An actor from the original production, John Griffin, commented to the Los Angeles Times, “Some people think it’s a very anti-Catholic show, and some people think the exact opposite.” It would seem more than a stretch to call this show pro-Catholic; perhaps Mr. Griffin and his friends have devoured their share of hashish brownies, too. The Los Angeles Daily News said, “The Catholic church may not thank [the musical’s creators] for ‘Bare.'”

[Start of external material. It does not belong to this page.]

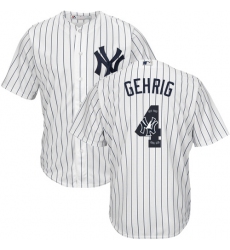 Men's Majestic New York Yankees #4 Lou Gehrig Authentic White Team Logo Fashion MLB Jersey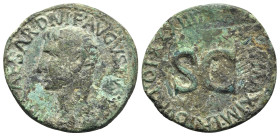 Augustus (27 BC-AD 14). Æ As (29mm, 9.76g, 6h). Rome, AD 11-2. Bare head l. R/ Legend around large SC. RIC I 471. Green patina, Good Fine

The Associated Press reports that the New York staging features a set “dominated by a giant, circular stained-glass window hanging over the stage—menacing but beautifully ornate.” The window features a huge cross; it is very telling that the Associated Press writer finds this “menacing.” To come to that conclusion, one would have to agree with the premises of the play, as formulated by the show’s creator, Damon Intrabartolo. He told the Los Angeles Times that he left the Catholicism “with a great boyfriend and a lot of anger.” He confided to TheaterMania.com: “I’m really worried about the dark side of religion. It’s so easy to say, ‘F— this, I’m not going to church,’ but you can never entirely escape your religious demons.”

Intrabartolo also collaborated on a Los Angeles production of “Corpus Christi” in 2001 with Kristin Hanggi, who directed both stagings of “Bare.” When Intrabartolo said you can’t escape your “religious demons,” he wasn’t exaggerating. Maybe what he needs is an exorcist.